Elle a été récemment admis à faire valoir ses droits à une pension de retraite. La nouvelle retraitée qui disait partir sans… partir a, naturellement, son mot à dire sur la situation que vit l’UCAD avec le départ de massif des enseignants de rang A.
Elle décrit d’abord le parcours combattant qui est celui des profs qui réussissent à plafonner dans leur corps. « On ne crée pas un professeur titulaire de classe exceptionnelle du jour au lendemain. Le monde a été fait en sept jours. C’est tellement long. Vous êtes assistant, vous préparez une thèse pendant des années pour devenir docteur. Après le doctorat, vous préparez un concours qui est difficile avec une préparation très longue. Après l’agrégation, vous soumettez un dossier avec des articles scientifiques de grande envergure pour devenir professeur titulaire. C’est très long. C’est un gros effort. Les professeurs de rang magistral, on ne les crée pas sur un coup de baguette magique. Le professeur qui a traversé toute cette période de travail, de réflexion, est quelqu’un qui a une maturité, une expérience, une autorité qu’il n’est pas facile d’acquérir » témoigne le Pr Aminata Sow Sidibé .
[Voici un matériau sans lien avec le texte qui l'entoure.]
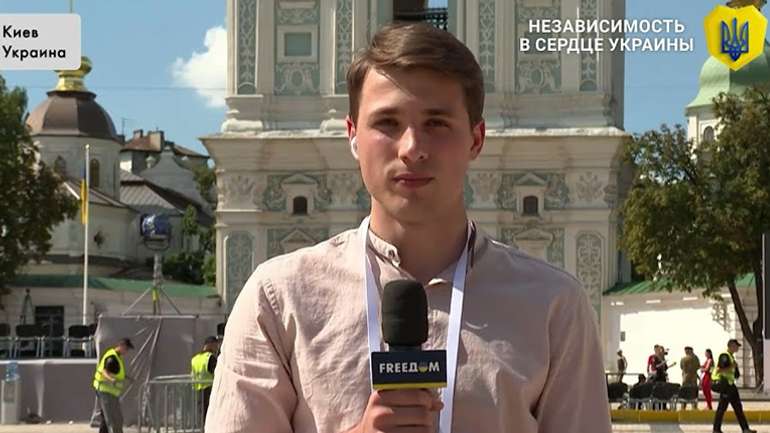 Керівництво держканалу «FreeДом» заступилося за колаборанта із лав угруповання «ДНР»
Pour elle, il faut encadrer aussi ceux qui doivent prendre la relève, les thésards, les doctorants, les agrégés … Il faut du temps pour renouveler le personnel enseignant de rang magistral.
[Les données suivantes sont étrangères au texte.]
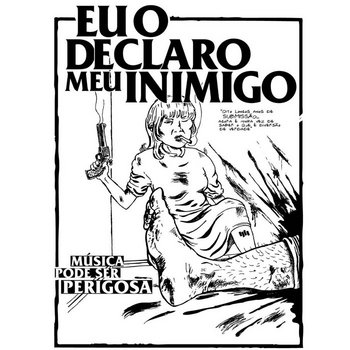 Música pode ser perigosa cover art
« Si ce n’est pas fait, prévient-elle, c’est l’enseignement qui va en pâtir »parce que c’est une question d’encadrement de la relève d’abord en leur faisant soutenir des thèses de doctorat, en les appuyant pour qu’ils puissent passer les concours d’agrégation, en leur inculquant les bonnes pratiques. Autrement dit, ce sont les vieilles marmites qui font les bonnes sauces.
D’après Mme Sidibé, il y a aussi des risques d’impact sur les performances du Sénégal au niveau international. « Cela va se ressentir. Dans le cadre de la recherche, ce sont des chercheurs de très haut niveau qui doivent encore participer à la production universitaire, intellectuelle, à l’élaboration des grandes politiques. Dans certains pays comme les Etats Unis, on a un système qui valorise cette recherche. C’est un gâchis s’ils s’arrêtent », souligne-t-elle. « Il faut proroger, voir comment faire pour que cet enseignant qui est à la fleur de la réflexion, au summum, au top, puisse être prorogé comme cela se fait dans d’autres pays où on sait la valeur de cet enseignant ». Tout en précisant que » sera selon la volonté de l’enseignant ». Elle révèle que des discutions sont déjà en cours. « Le combat est de voir comment proroger cela sans impacter les dépenses pour rendre soutenable la dépense. Par exemple, il est proposé qu’un professeur titulaire parte à 70 ans, qu’un maître de conférences puisse partir à 68 ans et que les autres puissent partir à 60 ans. C’est une réflexion qui est menée, mais il n’y a pas encore de loi » confie-t-elle.